Doğayla bütünleşip, evreni içinde hissedebildiğini hayal ederken bir anda fıskiyeler açılıyor ve kadın önce şaşırıyor sonrasında suyu yüzünde hissettikçe bundan keyif alıp eğlenmeye başlıyor.
Beden ve Ruh’un ana karakteri Mária’nın daha filmin başlarındaki hâl ve davranışlarından Asperger sendromu olduğunu; duyguları algılayamayan, rutinlerine aşırı sadık, sadece kişilerin yüz ifadeleri vasıtasıyla ne hissedebildiklerini ezberlemiş olduğunu düşünebiliriz. Tabii böyle bir karakterinin olması toplumdan dışlanan ancak bunu dert etmeyen ya da etmiyormuş izlenimi veren bir kadın olmasına sebebiyet veriyor.
Filmin açılış sahnesinde bir mezbahaya giriş yapıyoruz.* Dokunmakla ilgili derdi olan, hayvanlara bile dokunamayan bir kadının mezbahada kontrol uzmanı olarak çalışması tezat gibi görünse de karakter özelliklerini daha rahat algılayabilmemizi sağlayan, Mária’nın serin kanlı ve duygulardan yoksun olduğunu doğrulayan bir detay.
Mária’nın gördüğü biri kendisini ve diğeri âşık olduğu adamı temsil eden geyiklerin olduğu karlarla kaplı bir ormanda geçen lirik ve büyüleyici rüya sahneleri aracılığıyla, rüya ile gerçek arasında kusursuz bir bağ kurulmuş. Bir süre sonra Endre’nin de rüyalarında onu görmesi bizi masalsı bir aşk hikâyesine dahil ediyor.
Endre ile aynı gece, aynı rüyayı görmüş olduklarını tesadüfen öğrenmeleri üzerine aralarındaki gördükleri rüyalar ile alakalı bilgi alışverişi süreklilik kazanıyor ve yakınlaşmaya başlıyorlar. Mária’nın duygular konusunda sorunlu olması ve bu sebeple Endre ile iletişimini sıkıntıya sokması, çocukluğundan beri gittiği psikoloğunun önerdiği birkaç önerisini dikkate alıp denemeye koyulur.

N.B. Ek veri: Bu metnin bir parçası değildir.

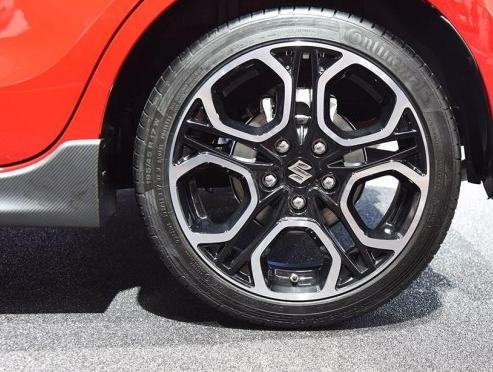 最便宜的小钢炮,6秒破百,不到20万,高尔夫GTI也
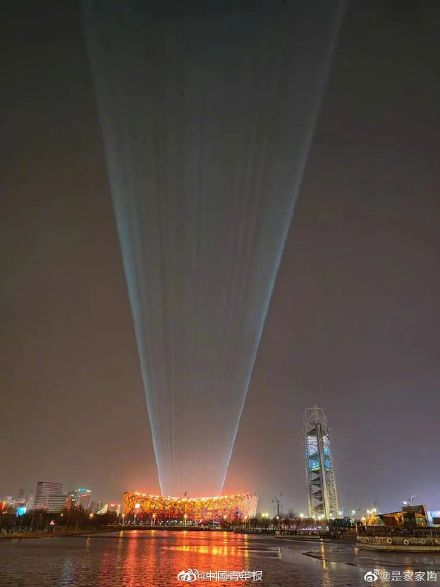 北京夜空中的神秘光圈是什么？真相来了！
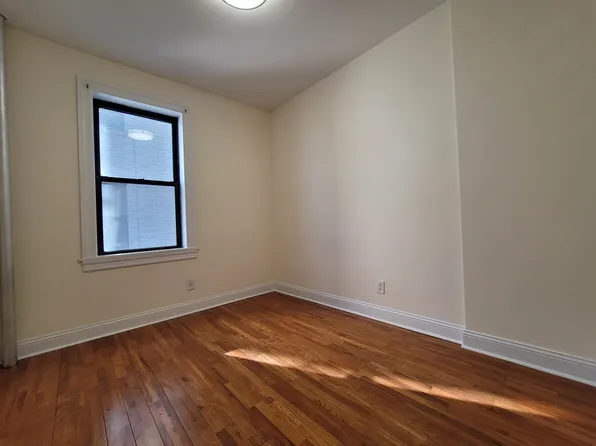 21-67 33rd Street image 3 of 5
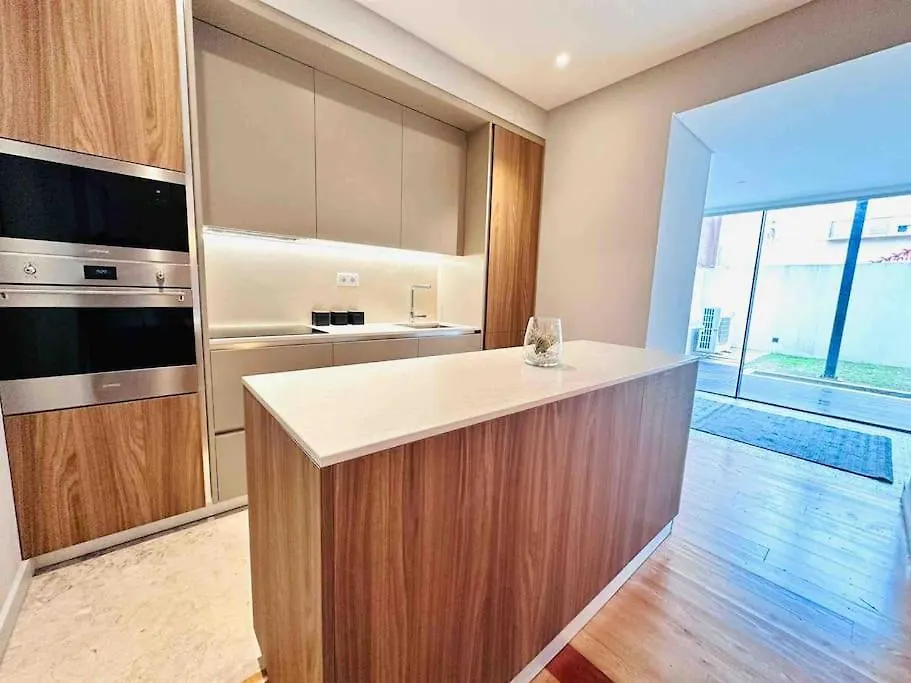 Lisbon Marques De Pombal Top Flat Great Locations City Center B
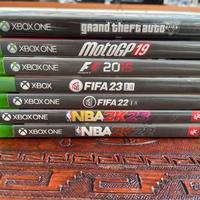 Lotto di 7 videogiochi per XBOX ONE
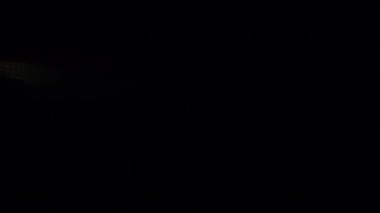 Kaplama, ışık geçişi, efekt güneş ışığı, ışık sızıntıları. Güneş ışınlarının yüksek kaliteli görüntüsü ışık efektleri, üstüste bindirmeler, işaret fişeği tasarım için siyah arka planda izole edilmiş.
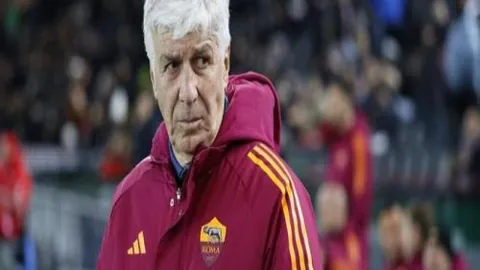 曼城官方宣布与凯尔·沃克续约至2026年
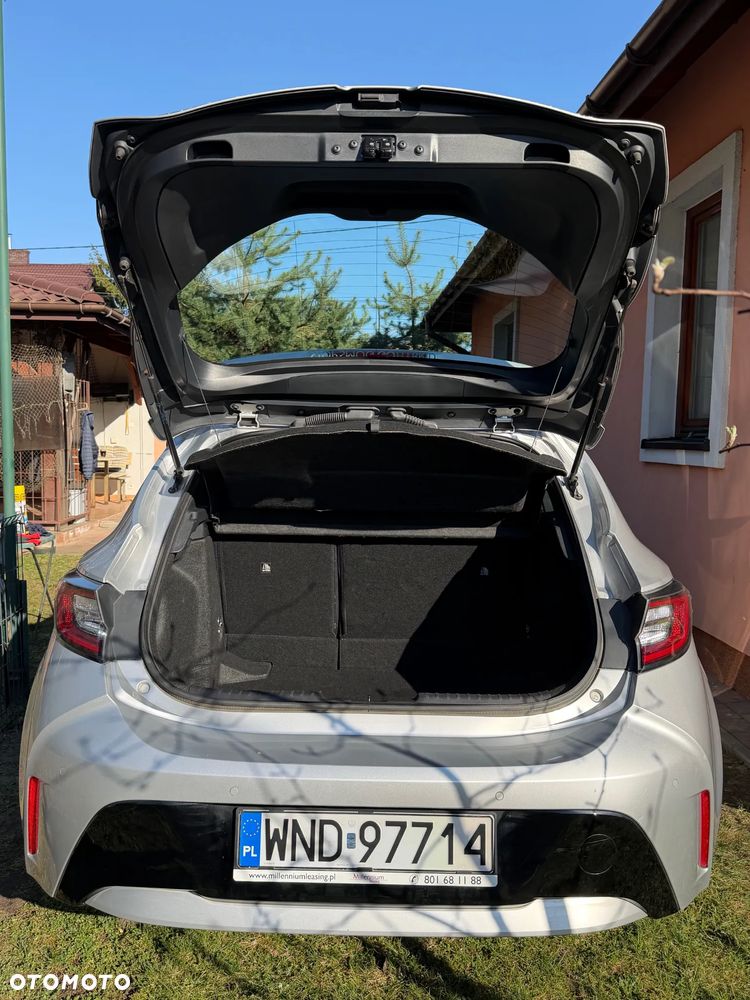 Toyota Corolla 1.8 Hybrid Comfort - 14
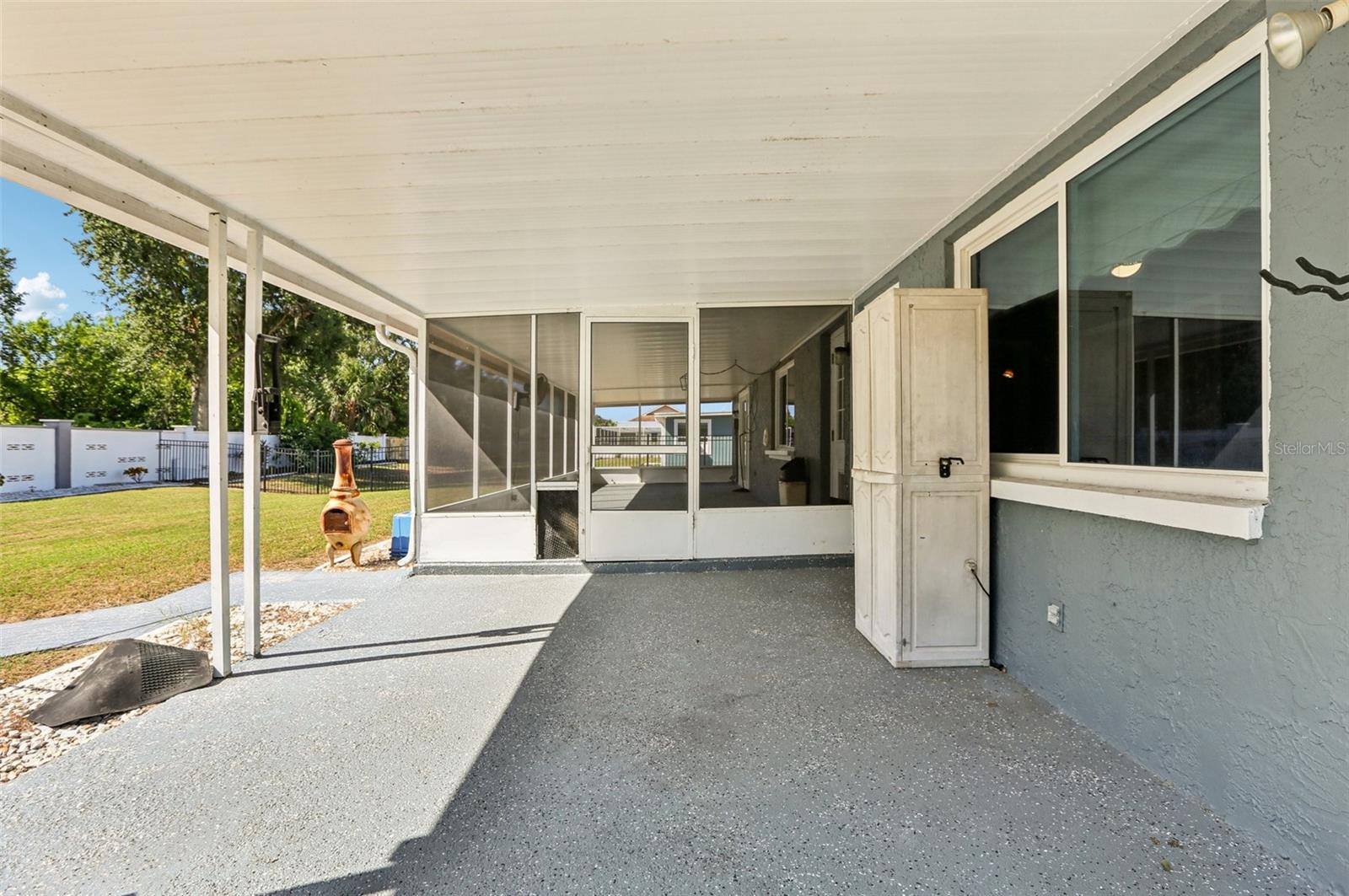 Image 37 of 61 For 310 Thorn Hill Place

Ne hissetmesi gerektiğini bilmeden yaşamı ve aşkı keşfeden Mária üzerinden anlatılan bu gerçek dışı aşk hikayesi; romantizmden uzak, rüyaların gücüyle bezeli büyüleyici bir duygular sarmalı gibi.
Beden ve Ruh, psikolojik alt yapısıyla da takdirlik bir başarısı olduğu kanaatindeyim. Ana karakterlerden, yan rollere kadar hepsinin ayrı ayrı karakterlerini algılayıp çözümleyerek filmi rahatlıkla izleyebiliyoruz. Hem basit bir konuyu bu kadar derinlikli ele alabilmesi, hem karakterlerin üzerine düşünmeden rahatlıkla çözülebilir olması, hem de sinematografik başarısı sebebiyle yönetmenin zoru başardığını söyleyebiliriz.
Ildikó Enyedi’nin başka filmlerini izlemesem de bu filmini izleyen birinin diğer eserlerine de şans vereceğinden eminim. 2017 yılında Altın Ayı ödülüne layık görülen ve senesinin En İyi Yabancı Film Oscaradayı olan bu filmi kaçırmamanızı önerir, şimdiden iyi seyirler dilerim.
* Hayvanlar konusunda hassas kişilerin bazı sahnelerde olumsuz etkilenebileceklerini belirtmek isterim.